What the exercise asks: Reproduce verbatim all of the data given below, but do not carry over the images.

Source material:
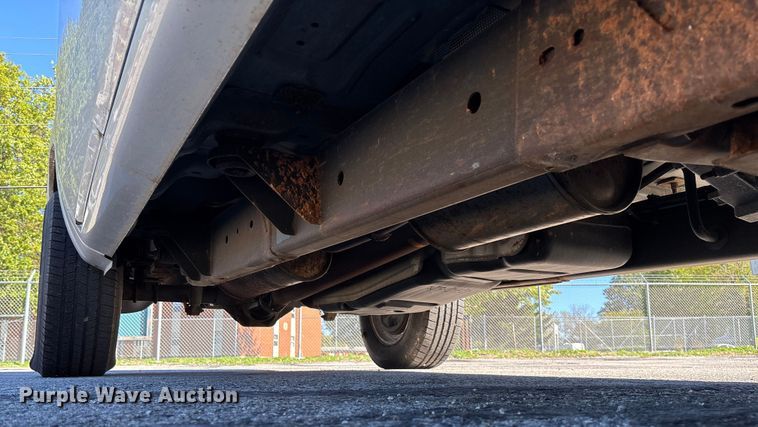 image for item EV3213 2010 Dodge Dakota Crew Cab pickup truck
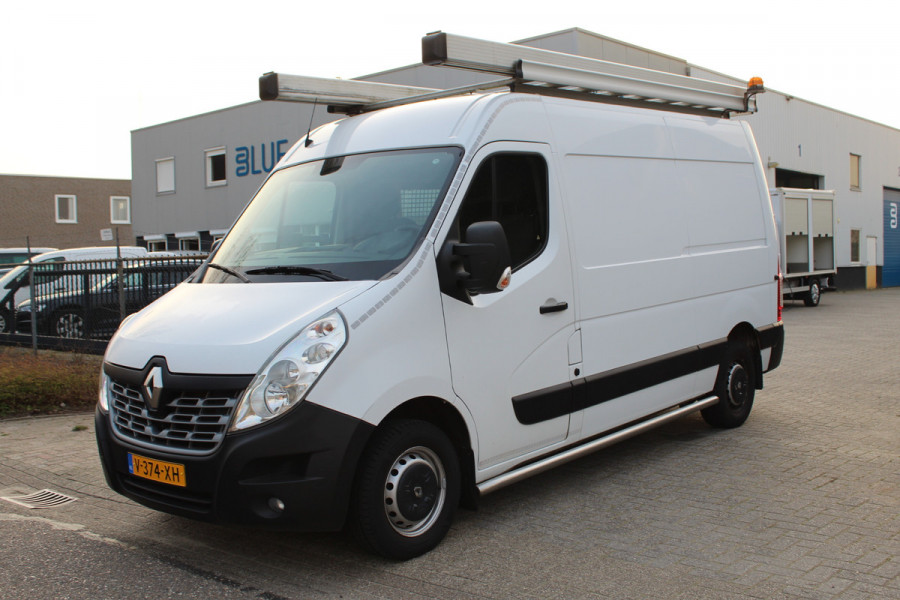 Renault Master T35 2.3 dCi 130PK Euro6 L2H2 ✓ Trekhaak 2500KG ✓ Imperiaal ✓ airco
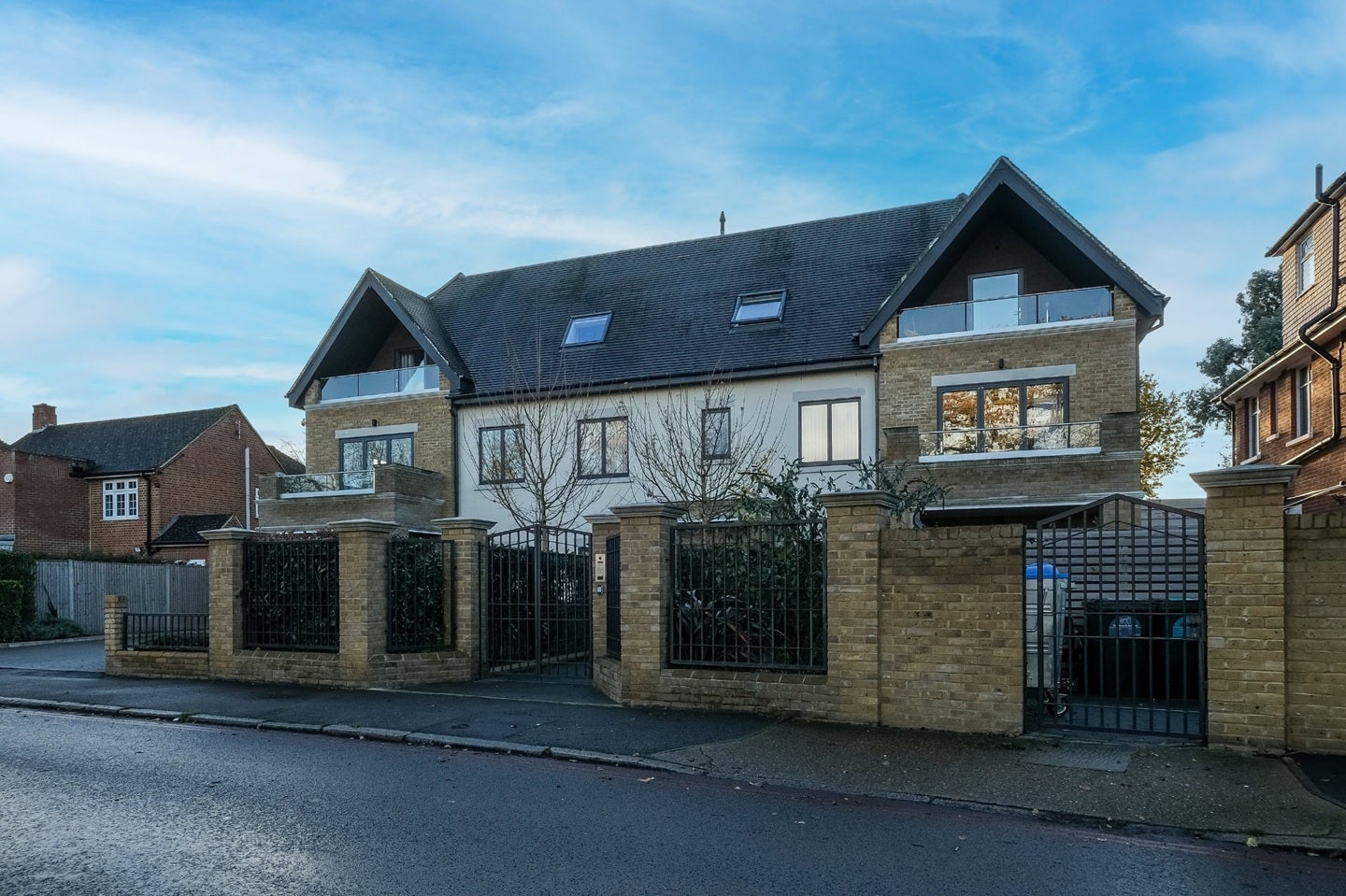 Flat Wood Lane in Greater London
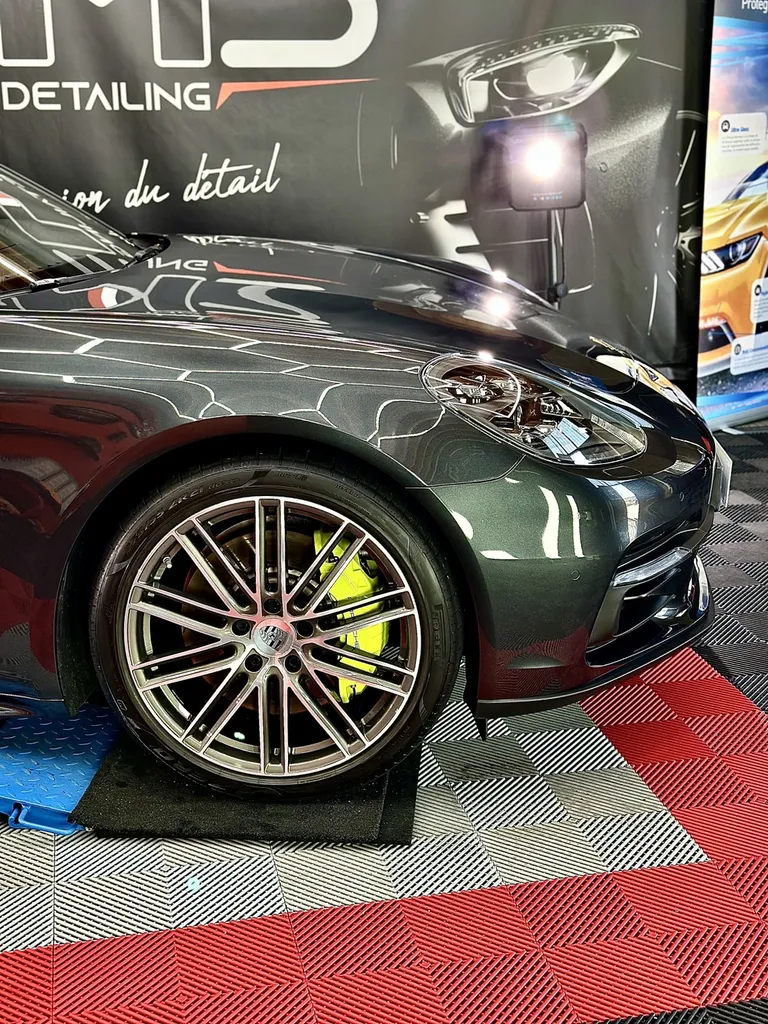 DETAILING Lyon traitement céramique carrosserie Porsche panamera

Expected answer:
 image for item EV3213 2010 Dodge Dakota Crew Cab pickup truck
 Renault Master T35 2.3 dCi 130PK Euro6 L2H2 ✓ Trekhaak 2500KG ✓ Imperiaal ✓ airco
 Flat Wood Lane in Greater London
 DETAILING Lyon traitement céramique carrosserie Porsche panamera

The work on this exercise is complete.